# Seat Ibiza Wing Mirror Replacement



## Benfr16 (Dec 3, 2016)

Someone just clipped my wing mirror and drove off. The glass and electronics all intact but the cover is scuffed. 

How do I get it off safely to replace with a new one? The paint work is damaged but it’s still properly fixed in place. 

Vehicle - 2016 Seat Ibiza FR 1.4TSI (MK5 6J I believe) 

Thanks


----------



## Benfr16 (Dec 3, 2016)

The only way I can think of is by using the electronics to shift the glass all the way down then use a screw driver to try catch some of the clips then trying to prise it off. Would somewhere like Halfords do it? I know they swap batteries and bulbs for a small fee.


----------



## Andyblue (Jun 20, 2017)

I think they're clipped on - if it looks like I think it does  

Are you replacing it with a new one or repairing this one ?


----------



## Andyblue (Jun 20, 2017)

Does this help at all ?

https://forums.seatcupra.net/index.php?threads/removing-the-wing-mirror-cap.408610/


----------



## Benfr16 (Dec 3, 2016)

It’s a new one I bought from eBay - it was £30 for the clip on cap in gloss black, which is the same as mine. 

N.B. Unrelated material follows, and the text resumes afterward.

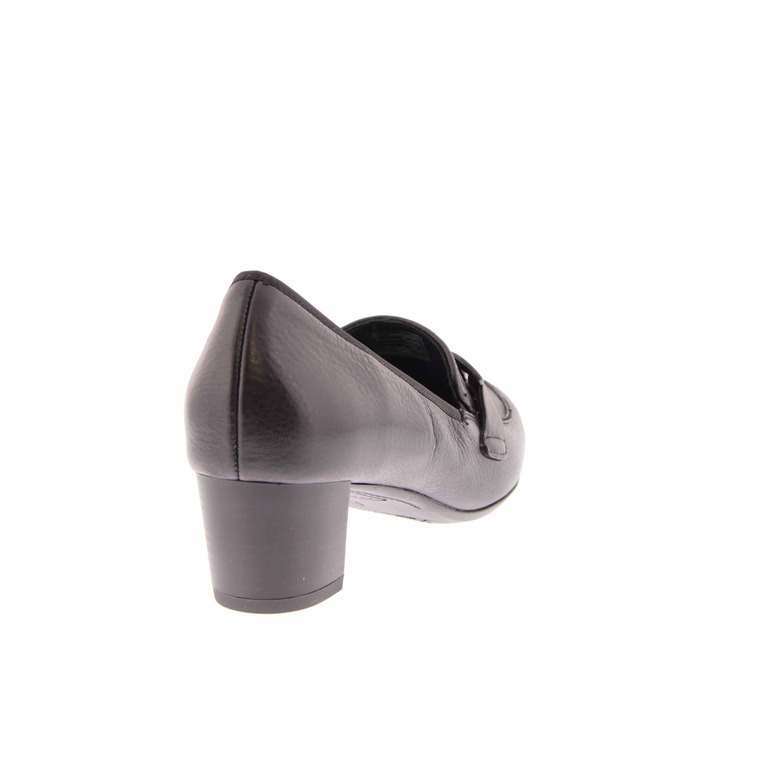 Ara moccasins black 4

I just want to pull the old one off to clip the new one on but it’s literally the sturdiest wing mirror I’ve ever seen!


----------



## Benfr16 (Dec 3, 2016)

I saw this post. I’ve also posted the same question on this forum. The problem is that this is a Leon and the wing mirrors are pretty different. Although I could always risk removing the glass but fear that without instruction from a) someone who knows more than me or b) someone who has done this on an Ibiza, I’ll break the glass!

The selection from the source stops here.